**Work to complete**
Pictures aside, repeat every record below exactly.

**Source data**

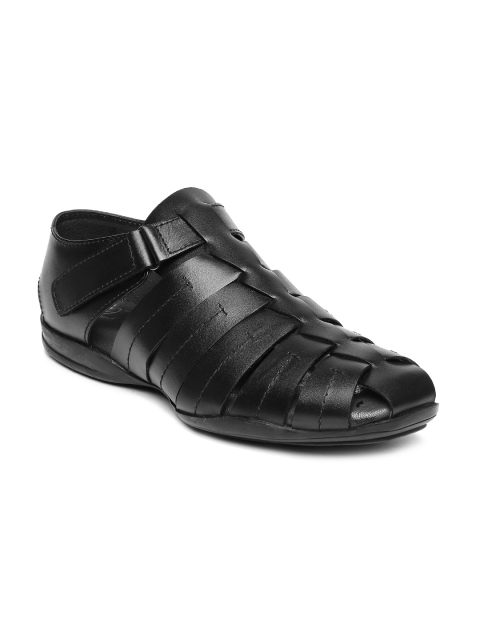 

Estd. 1977 Men Black Leather Sandals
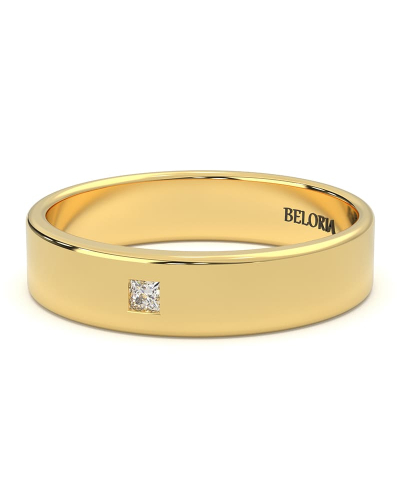 Alliance Jonc sertie d'un diamant princesse en or jaune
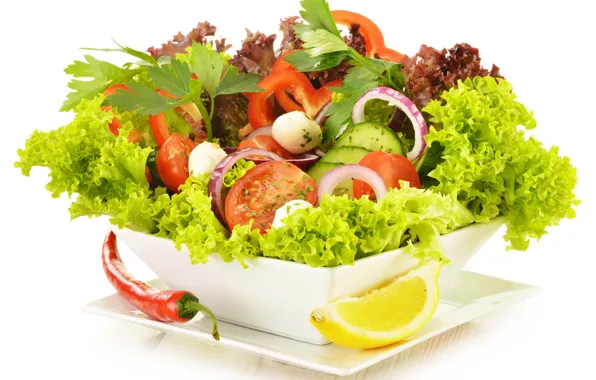 Зелень, овощи, овощной салат, зеленый салат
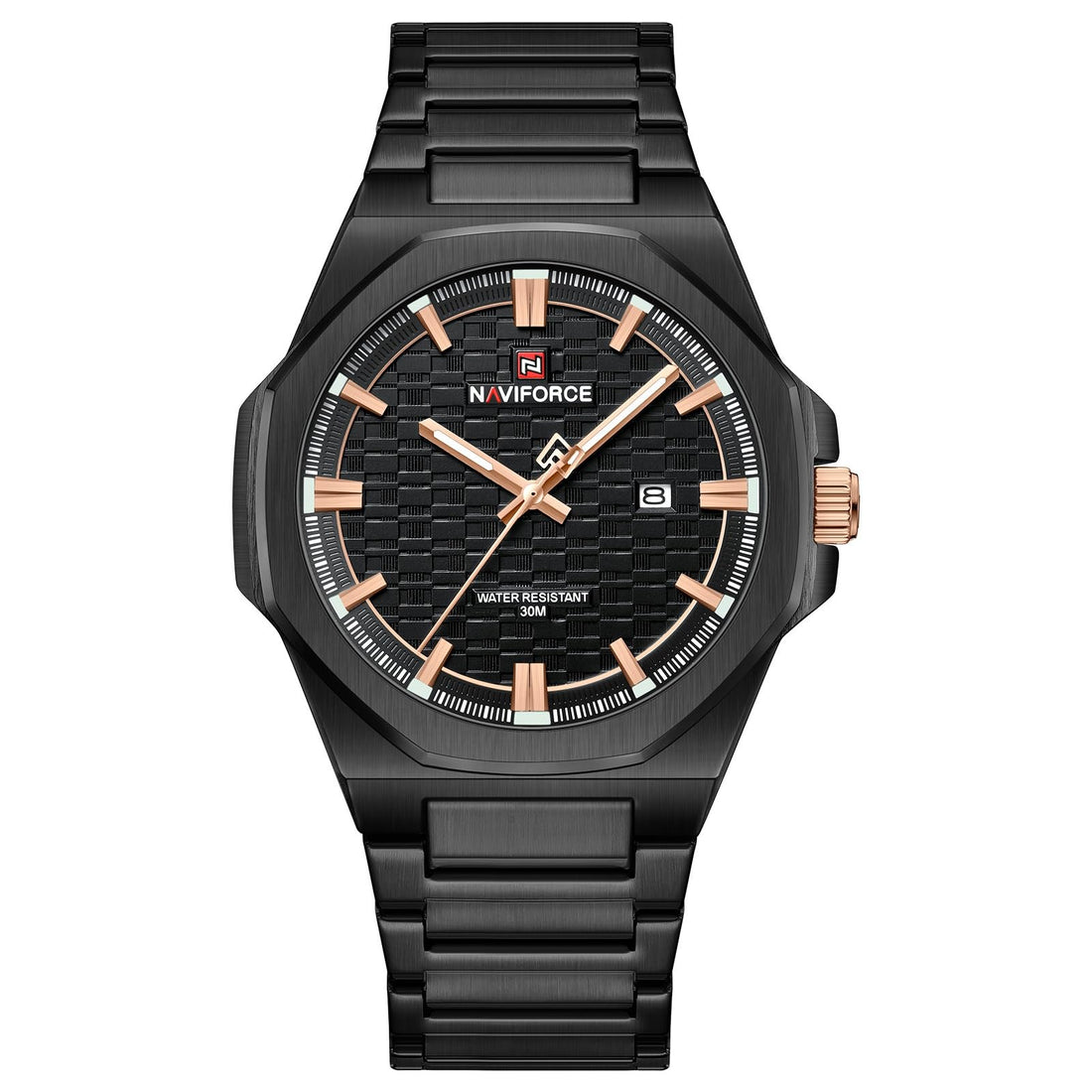 Naviforce 9245 – Elegant Men's Watch with Black/Rose Gold/Black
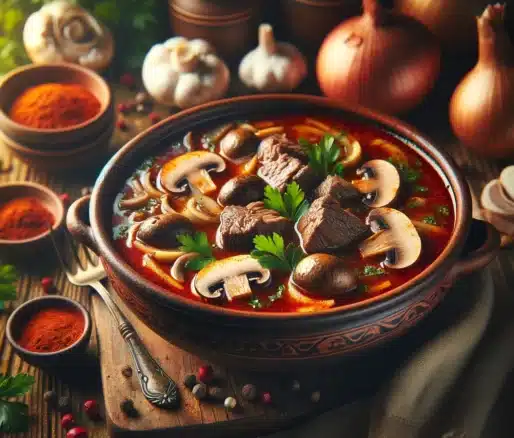 gulaschsuppe mit pilzen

**Written reply**
Estd. 1977 Men Black Leather Sandals
 Alliance Jonc sertie d'un diamant princesse en or jaune
 Зелень, овощи, овощной салат, зеленый салат
 Naviforce 9245 – Elegant Men's Watch with Black/Rose Gold/Black
 gulaschsuppe mit pilzen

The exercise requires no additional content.